Of all the insights offered in Crossing the Finish Line, one of the most compelling and policy-relevant is that of the “undermatch.” The authors demonstrate that about 40 percent of “highly qualified” students enroll in institutions that are less selective than the more competitive schools they would be qualified to attend. Undermatched students are less likely to graduate, and this phenomenon holds true for black males and Hispanic students, providing strong countervailing evidence to the charge that students of color are done an educational disservice by affirmative action. Another significant contribution of this book is its revelation that the SAT and ACT have little predictive validity for whether or not a student graduates from college or when they leave. With the unique features of their data set, Bowen, Chingos, and McPherson are able to demonstrate that high school GPA is a much stronger predictor of college performance and that the SAT and ACT are largely proxies for high school quality.

In addition to the somewhat unsurprising findings that greater availability of financial aid is related to student success and that more selective institutions generally have higher graduation rates, the authors bring to light a troubling paradox for policy makers regarding transfer students. Students who begin at a two-year institution are less likely to graduate overall, but students who do transfer are more likely to graduate than similar students who started at a four-year institution.

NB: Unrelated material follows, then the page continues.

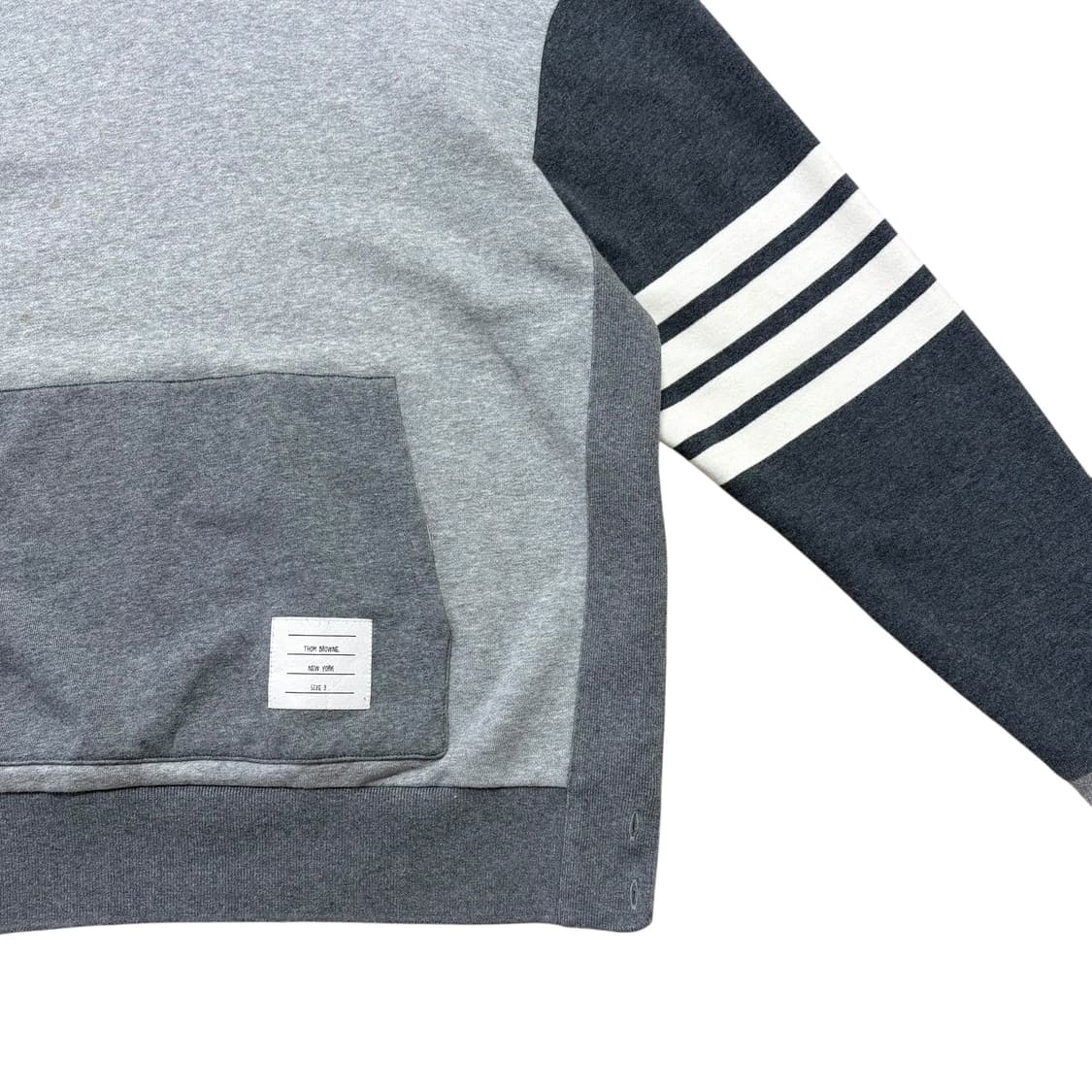 톰브라운 사선완장 후드티 상품이미지4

The book strikes a difficult and often tedious balance between making the research accessible and demonstrating its soundness. Despite the best efforts of Bowen, Chingos, and McPherson, many researchers might be inconvenienced by having to go to the Princeton University Press Web site to access some appendixes. Also, the authors' discussion of propensity scores, standardized regression coefficients, and fixed effects might be overly technical for the intended audience. Though the book could have paid more attention to selfselection when discussing the effects of institutional selectivity on graduation rates and provided more background on the extent to which large state subsidies to flagship universities benefit wealthier students, the authors provide an insightful overview of various initiatives, such as POSSE and the Meyerhoff Scholars Program, that have been successful at supporting students of color. These types of efforts are important in ensuring that all students “cross the finish line.” The authors point to the graduation rates of middle- and high-income white students as low-hanging fruit in efforts to improve America's overall college completion rates, but improving the graduation rates of these students alone will not suffice. Our deep-seated, if often unfulfilled, sense of equality of opportunity implores—and our changing demographics dictate—that we must improve the college completion rates of all students, especially those from traditionally underrepresented backgrounds, in order to ensure a fruitful economy and harmonious society for future generations of Americans.